The other night I was at a church here in Little Rock, who is on their second Marriage Oneness session.  I just kind of snuck in the back as a fly on the wall, and I was amazed at how the lead couple, the host couple for Marriage Oneness, and their five support couples were hosting these twelve couples in this rich environment, providing for them a lot of fun at the beginning, a lot of laugher. 

They did the video.  Afterwards they got in the circle-up groups and they sat in with them.  There was laughter and interaction and some tears, but I particularly noticed one couple where the wife said, “You know, the thing that’s most important to me is my husband is committed to eight weeks of giving me quality time.  We’re seeing our marriage already becoming different.”

Dennis:  This is really powerful stuff around a number of topics.  Tim, what topics do you cover during the eight weeks?

Tim:  Well, we cover the seven key topics that every couple either struggles with or needs to master in order to have a better marriage:  communication, sexual intimacy, conflict resolution, roles and responsibility, money, family and friends, and spiritual beliefs.  You look at those seven, and in each one of them you not only get the information, but we give them Oneness Work, an opportunity for them that week to improve in that area, or grow in it, or just begin to communicate in a new way together as a couple.

Dennis:  Lea, you watched this whole thing be videoed.  Robert became the executive director/producer . . .

Lea:  That’s right.

Robert:  Invaded their home . . .

Dennis:  You also appear in this.  From your perspective as a wife, how do think a couple is going to benefit from going through this? 

Lea:  I think the thing that Robert did that was so creative in this is he cuts into Tim’s talks, with me commenting on something that Tim had just said, or maybe the kids running through the house, or a scene of real life, or maybe us doing something as a family that Tim’s talking about.  So, when you’re watching it, that gives you a real connection point.  It’s suddenly like, “Okay, that’s real life.  This isn’t a TV show, and this wasn’t set up to look a certain way, this is just who they are.” 

I think that’s going to connect with people in small groups, in churches, people who are struggling, and they go, “Wow, they’ve got that many kids and this is their life and it’s real.  It’s not fake.”

Bob:  Robert, when you sat down to say, “Okay, we’re going to address these subjects in marriage,” you could tap into anybody to present the material and you leaned into your friend, Tim Lundy.  Tell me why.

Robert:  Well, primarily because I wanted somebody and some couple that was real that I had observed up close and personal, both dealing with just life in general, dealing with work where I worked with Tim, and then seeing their marriage and their kids.  I think what Tim and Lea present is not just great communication about marriage, but they communicate as Lea just said a minute ago, a real life as a couple.

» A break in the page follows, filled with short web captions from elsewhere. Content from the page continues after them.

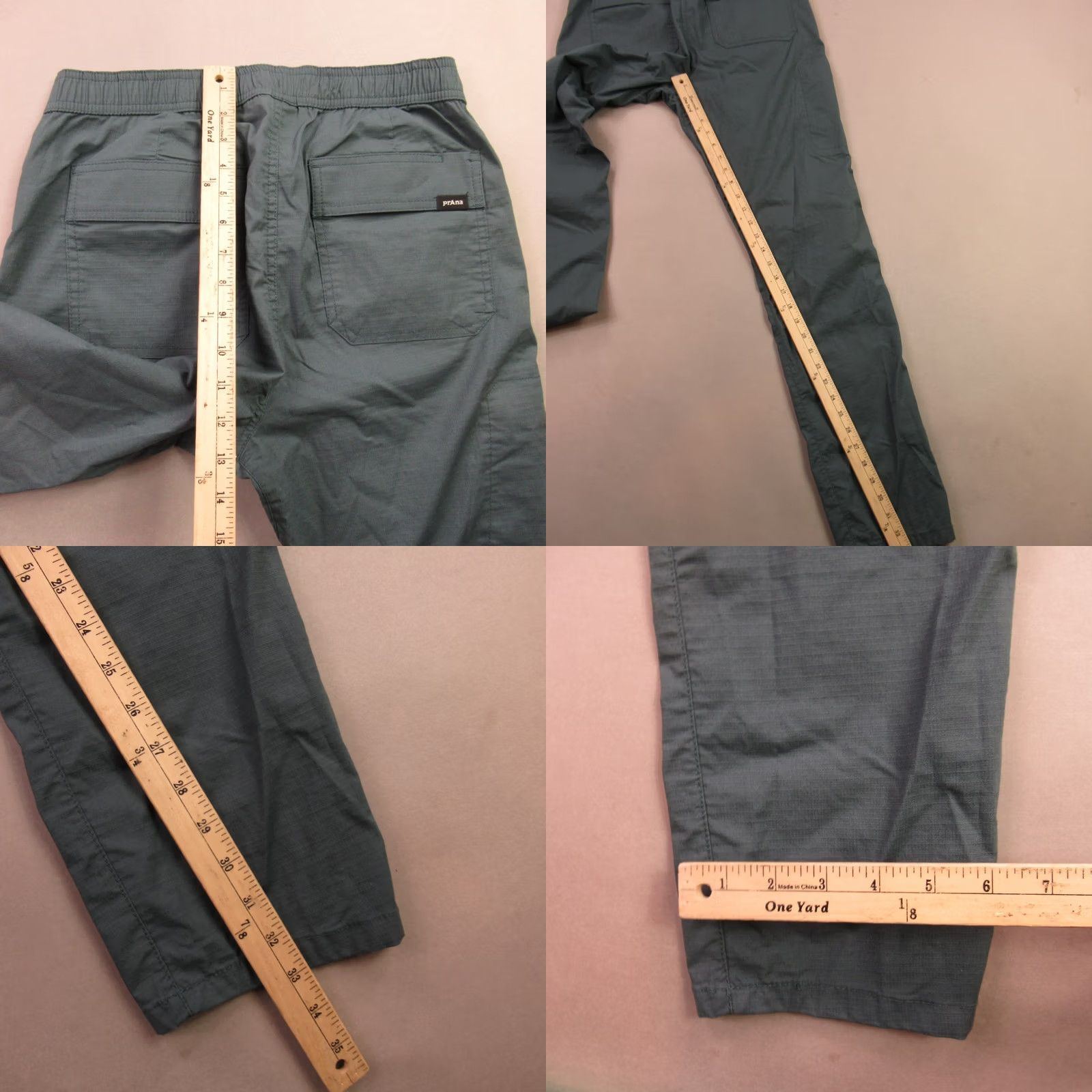 Prana prAna Pants Mens Small Chino Pockets Casual Elastic Waist Green Lightweight Size US 29 - 8 Thumbnail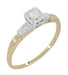 Evie 1930's Art Deco Vintage Diamond Engagement Ring in Two-Tone White and Yellow 14K Gold Mixed Metals - R762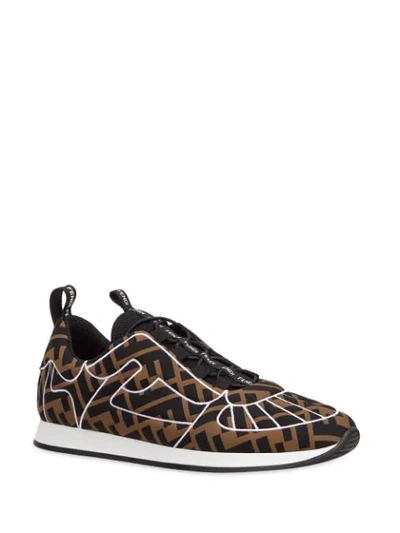 Shop Fendi Ffreedom Sneakers In Brown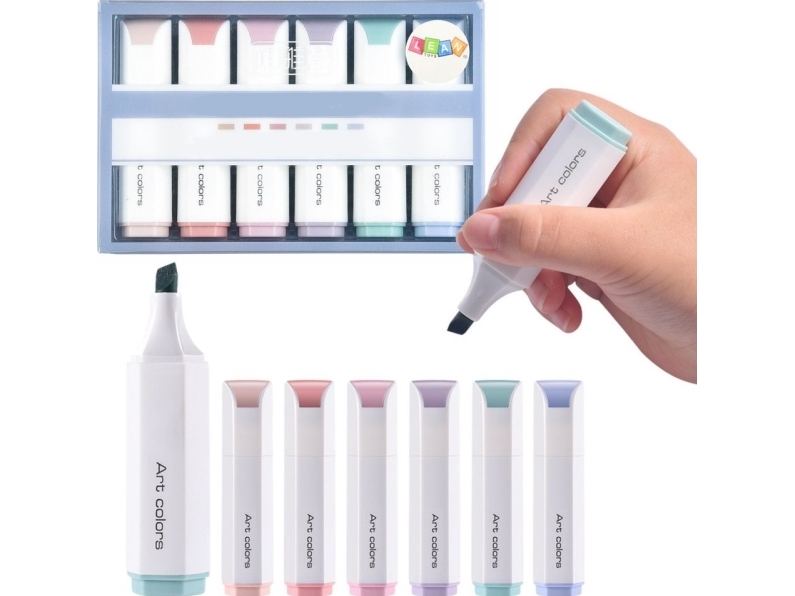 Mini highlightersæt i sarte pastelfarver 6 stk LEAN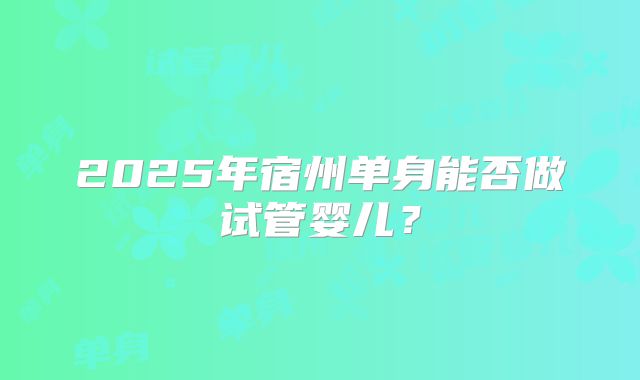 2025年宿州单身能否做试管婴儿？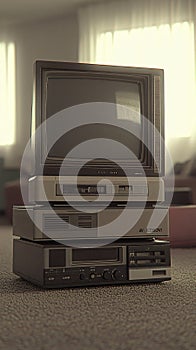 Vintage 80s Entertainment System Tower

Bob:  I think it would be good for our listeners to hear a little bit of that.  In fact, in the very first session you guys share a little of your story and the real life that brought you together and some of the challenges from your own marriage.  In fact, I think we can play a portion of that for our listeners just so they can get a sample of what they hear and what they see when they attend a Marriage Oneness event.

Tim:  Lea and I are so much the same, but so very different.  We were born in the same city, Memphis, Tennessee, not at the same time, mind you.  As Lea will let you know, I’m almost three years older.  We went to the same church, even the same high school.  We knew each other, sort of, but our worlds were so different.  Lea, you see, came from a great home.  She’s the oldest of five kids with a strong nuclear family.  Oh, they had issues like every family, but it was stable and secure, a classic household. 

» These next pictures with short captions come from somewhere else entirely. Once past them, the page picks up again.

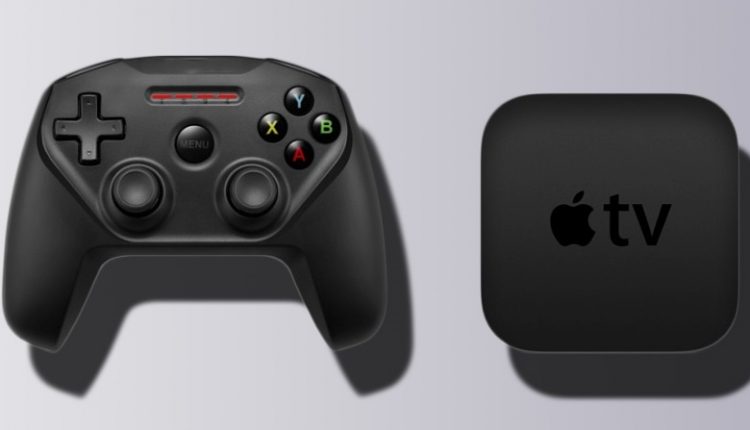 Apple-TV-con-un-controlador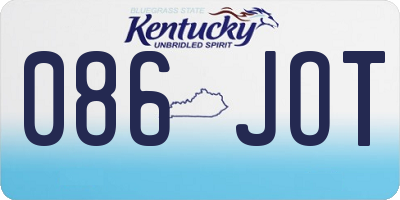 KY license plate 086JOT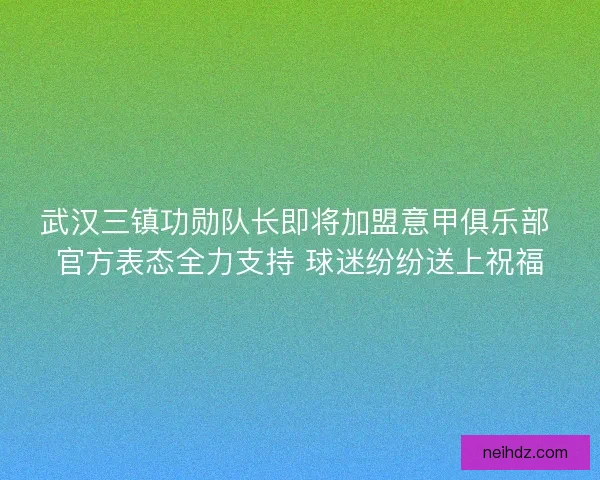 武汉三镇功勋队长即将加盟意甲俱乐部 官方表态全力支持 球迷纷纷送上祝福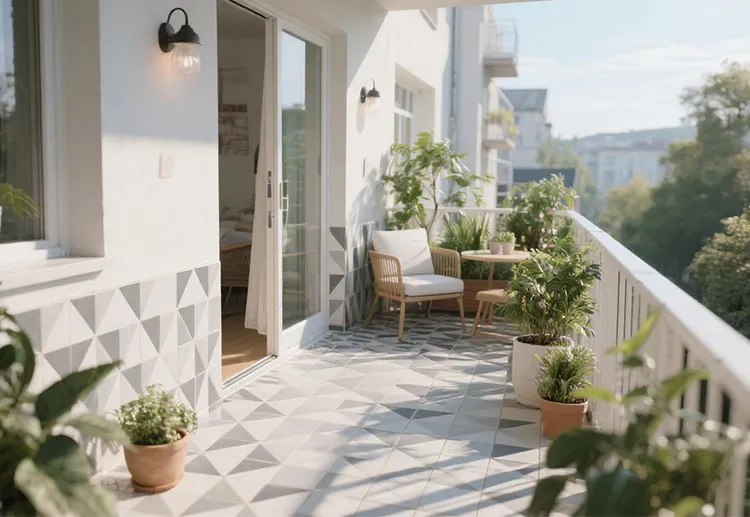 Matte finish balcony tiles design idea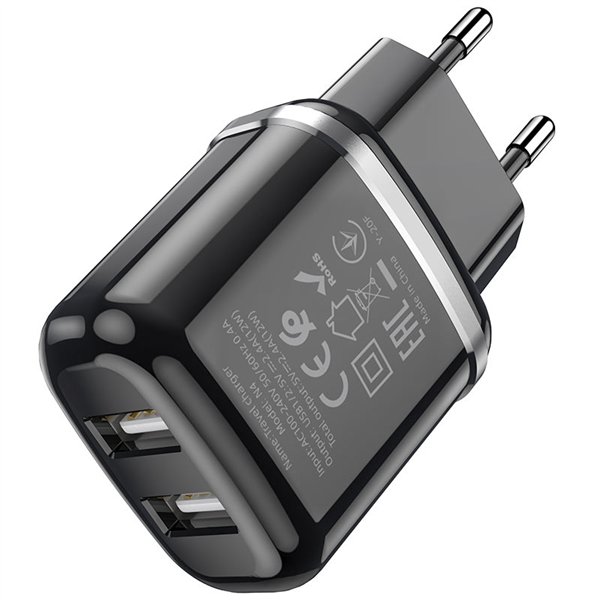 Charger Hoco N4 12W 2xUSB-A black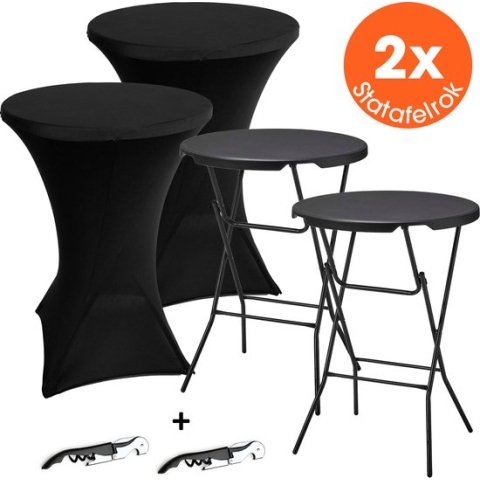 Lenx 2x Zwarte Statafel - Set van 2 - ø80x110 cm - Inclusief 2x Zwarte Statafelrok en 2x Wijnopener - Statafels - Zwart - Cocktailtafel - Hoge Staan Tafel - Staantafel - Partytafel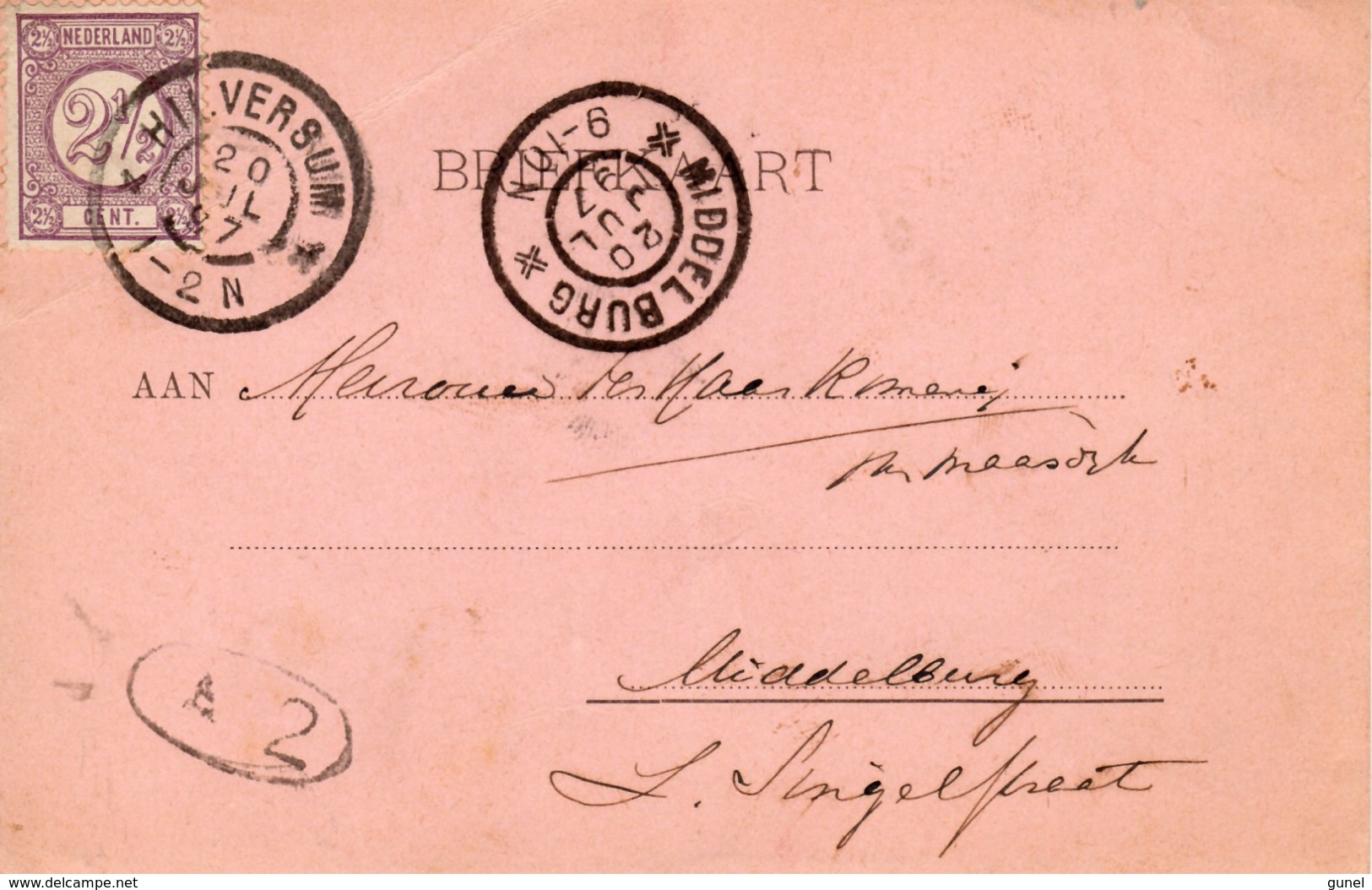1897 Bk Van HILVERSUM Met NVPH 33 Naar Middelburg ( Grootrondstempels) - Brieven En Documenten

My house was different.  My father was a Californian who married a southern girl.  He was determined his kids should be raised on the west coast, so when I was six he left early one morning and headed west.  His goal was to find a house and then come back and get us.  But he never came back.  On the way he was killed in a single-car accident.  Those years were tough, tough on my mom, tough on my brothers and sister, tough on me.  As I headed into my teen years, Mom remarried.  Growing up in a blended family then brought on a new set of challenges.

Lea and I both went off to school for college, but for different reasons found ourselves back in Memphis.  That’s when our worlds came together.  First we became great friends.  Then I became smitten.  I was head over heels for her, and after a time of persistence on my part, we fell in love.  On a snowy day in December, 1990 we married. 

There was so much about life and marriage we didn’t know, but we were committed to find out.  We wanted our marriage to work.  And thankfully, it has, though not without our share of difficulties.  Today with five kids in the house, two off at college, and more challenges and changes than you can shake a stick at, Lea and I are still learning, still figuring it out together.  But what we have learned about marriage and what we know does work, we now have the opportunity and privilege of sharing with you. 

(Applause)

Welcome, everybody, to Marriage Oneness.  Believe it or not, we’re at the starting line of a great adventure together.  Now before we can go there, though, we’ve got to take a little bit of time and look back.  In fact, I want you to look back all the way to those words on the stage there; do you see it on the car?  “Just Married.”  Remember when those words were true about you, when you were “Just Married?”  Now for some it’s recently.  For some it may be years ago. 

For Lea and me, I remember when it was true about us.  It was December 22, 1990, a cold winter day.  They were expecting snow.  We had a huge wedding, and I still vividly remember that moment when the back of the church opened up, and we were very traditional – I had not seen her in her wedding dress until that moment.  And when those doors opened up and she started walking down the aisle with her father, I’m going to tell you, I was absolutely blown away.  She was so beautiful, and I remember thinking the whole time, “I can’t believe this woman is going to marry me.”  

I looked up at the clock right at the back of the church and I thought, “If we can just get through thirty minutes, she’s mine for life.”  And we did.  We said those vows and we didn’t have a lot of money, so to honeymoon I borrowed her father’s car and they decorated it all up and we had the classic “Just Married” plastered across the back, and drove across Tennessee. 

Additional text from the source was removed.